On a dark side-street in Islamic Cairo, a white sign with bright red Chinese characters beckons patrons into one of Cairo’s most authentic East Asian restaurants. The restaurant is over-lit and the walls are washed in white. But hanging Chinese decorations, the smell of steamed vegetables, and happily conversing clientele make the restaurant instantly comfortable.
One table consisted of a group of young Chinese men in Adidas, at another sat two Chinese businessmen with their suit jackets slung around the backs of the chair, and three Chinese students from Al-Azhar University shared a table and a meal. The restaurant belongs to an ethnic group from China’s far northwest called the Uyghur people.
The restaurant is near Al-Azhar because the Uyghurs are the second largest population of Chinese Muslims. For years young religious Uyghur students have come to study at the Islamic university. “The country that we today know as China did not always include the eastern parts of Central Asia,” clarified Uyghur expert Arienne Dwyer.
“China succeeded in colonising these eastern parts for good in the 17th century; these areas (now known as Xinjiang) hosted Indo-European and Central Eurasian peoples and a huge succession of religions, including animism, Zoroastrianism, Manichaenism, Nestorian Christianity, Judaism, Buddhism, Daoism and Islam. The oases of the Tarim Basin (now called southern Xinjiang) became largely Muslim between the 10th and 14th centuries.” Professor Dwyer added that the “Uyghurs feel that their culture (including language, food, and daily practices including religious practices) is under strong threat of being assimilated to more dominant cultures.”
Those in Cairo were making few sacrifices with their slice of life near Al-Azhar. Just as the sign did not bother to offer an Arabic translation, neither did the menu. But that is not to say the owners are not thoughtful.

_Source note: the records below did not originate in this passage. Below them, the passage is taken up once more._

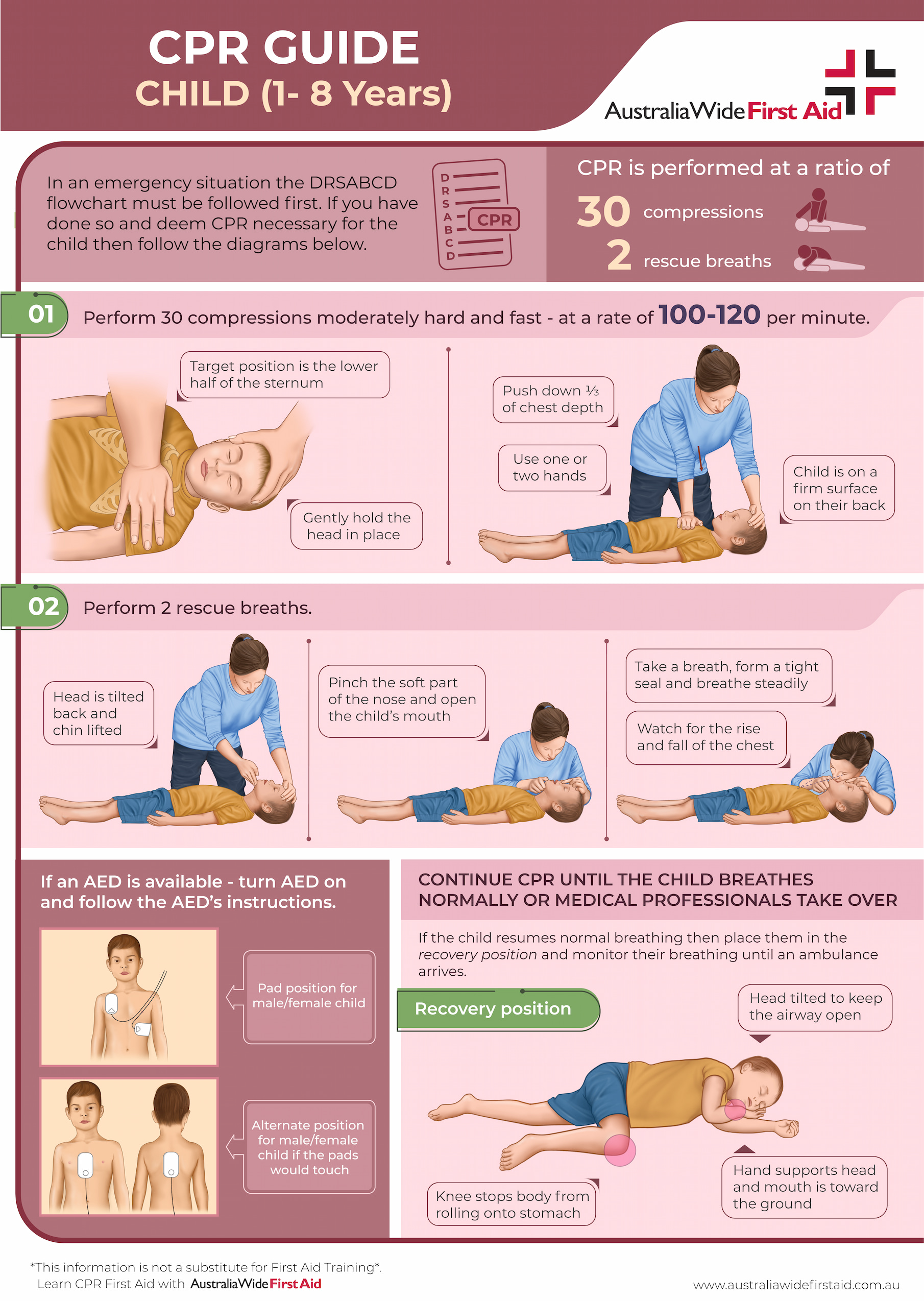 8 Year Old CPR Chart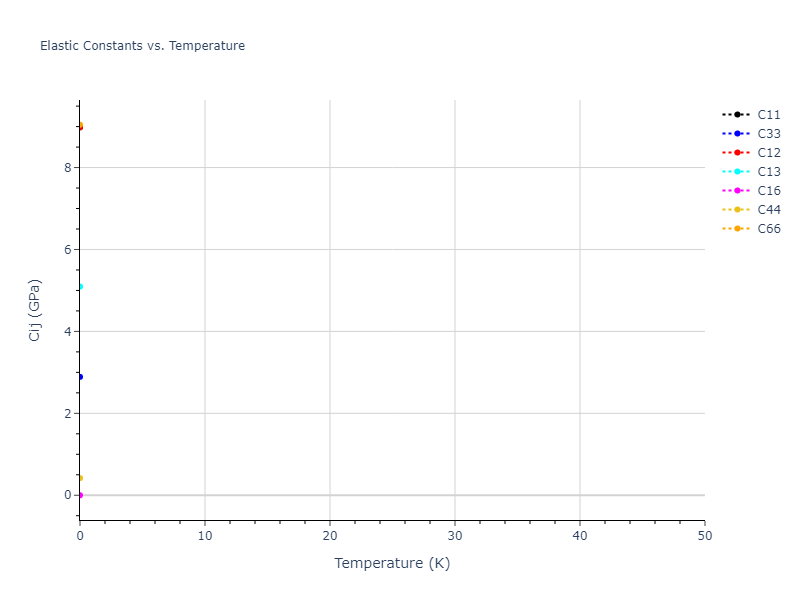 2023--Mason-D-R--W-H--LAMMPS--ipr1//mdsolid.H.oqmd-5539.90a8e187.Cij
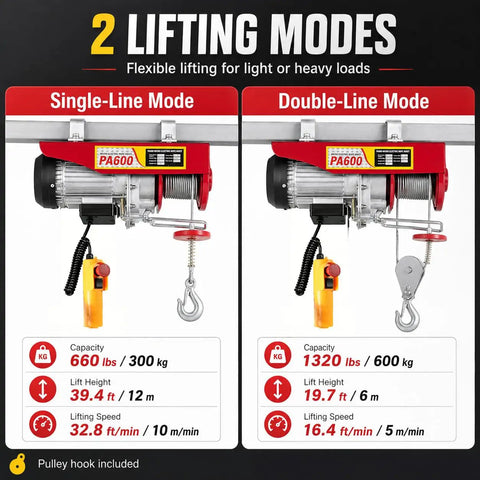 1320 Lbs Powerful Mini Electric Hoist With 1200W 110V Winch Crane showing single and double slings lifting modes and specifications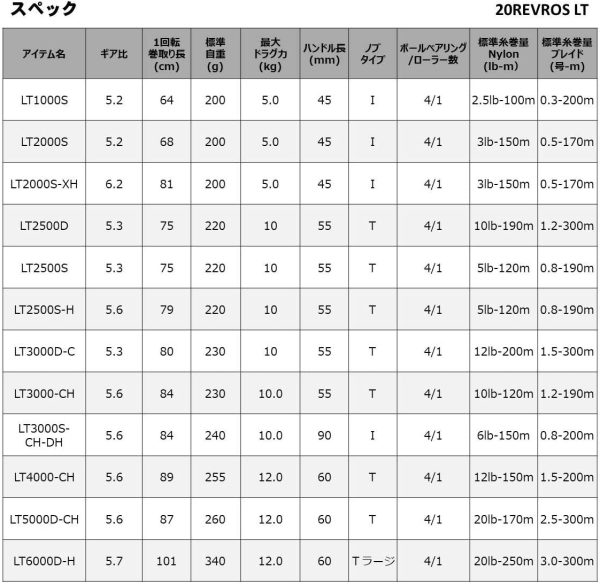 ダイワ(DAIWA) スピニングリール 20 レブロス LT (2020モデル)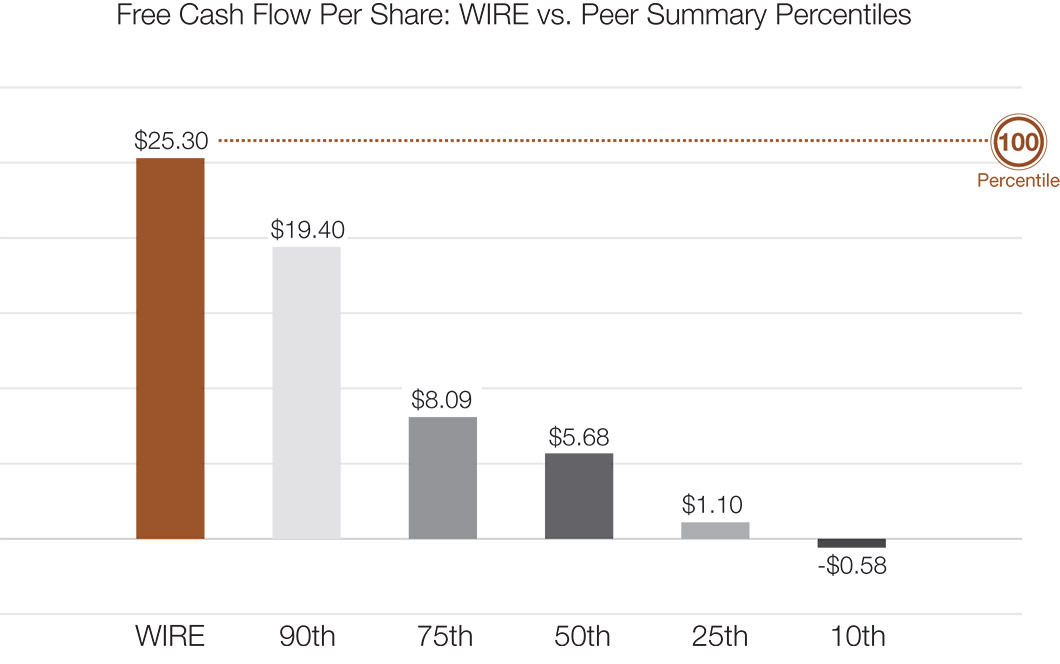 [MISSING IMAGE: http://api.rkd.refinitiv.com/api/FilingsRetrieval3/.77943197.0001104659-24-035528bc_freecash-pn.jpg.ashx]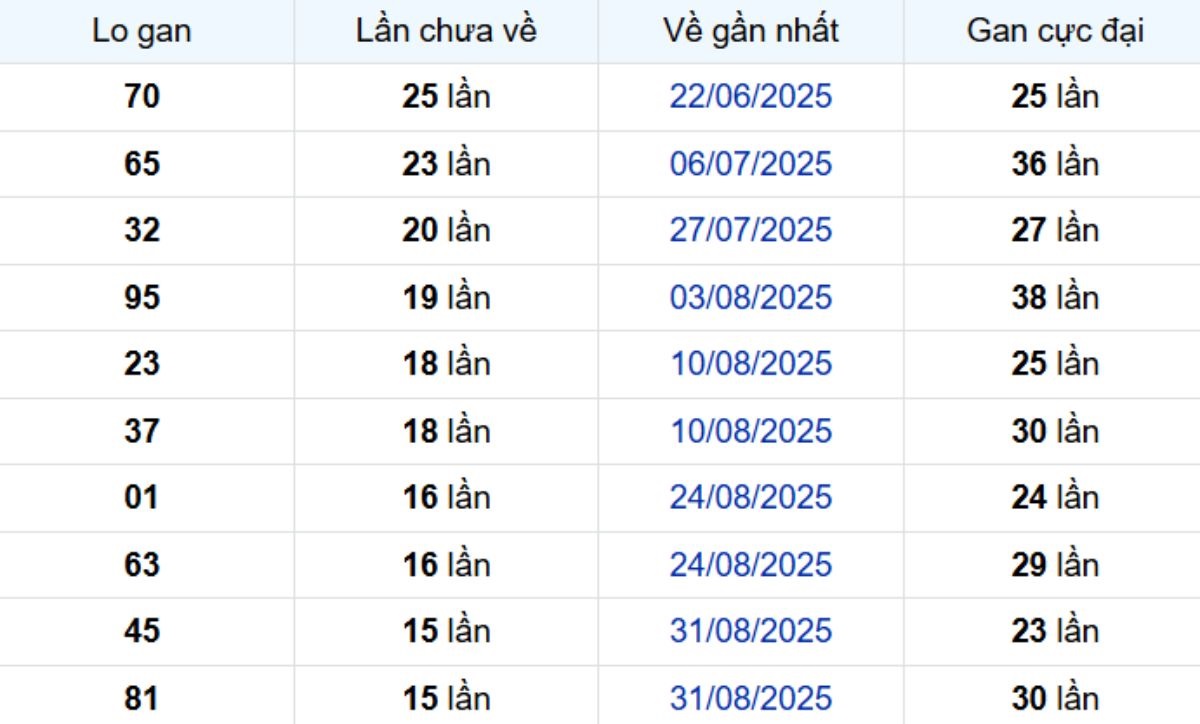 Thống kê lô gan Kiên Giang ngày 21/12/2025: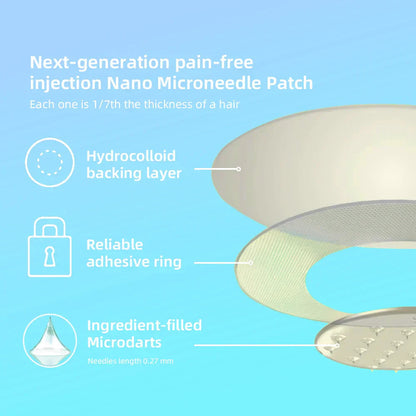 【Last Day Promotion 60% OFF🥇】Lenreey® NIDDK-Tirzepatide Nano Microneedle Patch 🇦🇺👨‍⚕️（Zero Pain, 24/7 Release | Lose 9 kg FAST | 90% Sugar Drop | ）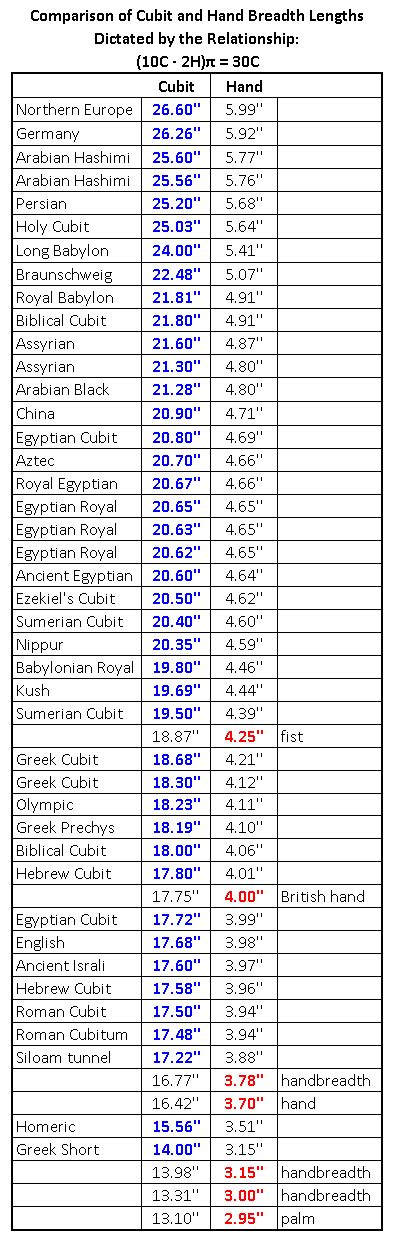 Length Of A Biblical Cubit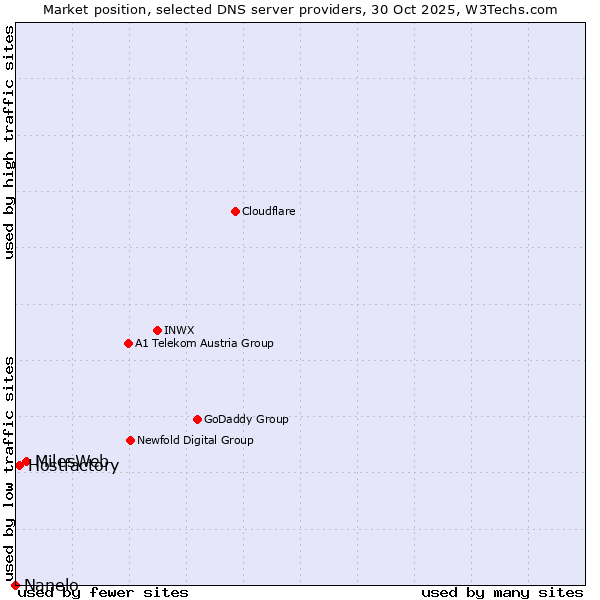 Market position of MilesWeb vs. Hostfactory vs. Nanelo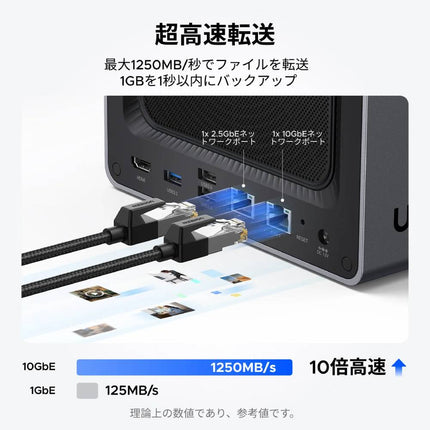 UGREEN NASync DXP4800 Plus｜4ベイ NASストレージ 最大168TB対応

They took photo albums and filled them with pictures of every dish, so the linguistically challenged patron can still point to what they would like to eat.
The food is prepared two storefronts away and bussed over by a sweating boy who had to carefully balance every dish so as not to spill the sauce that was filled to the brim. The waitress was patient and sweet and wore a phenomenal outfit held together with a bum-bag and a see-through, glitter hijab.
The food was good, if not great. The best were the dumplings, served 25 to a plate and filled with beef and garnish inside a gooey shell. The deep fried tofu also impressed. The chicken had a lot of bones to navigate and the eggplant’s appearance was questionable, but if you are not adventurous, then Cairo’s very own Uyghur restaurant probably is not for you to begin with.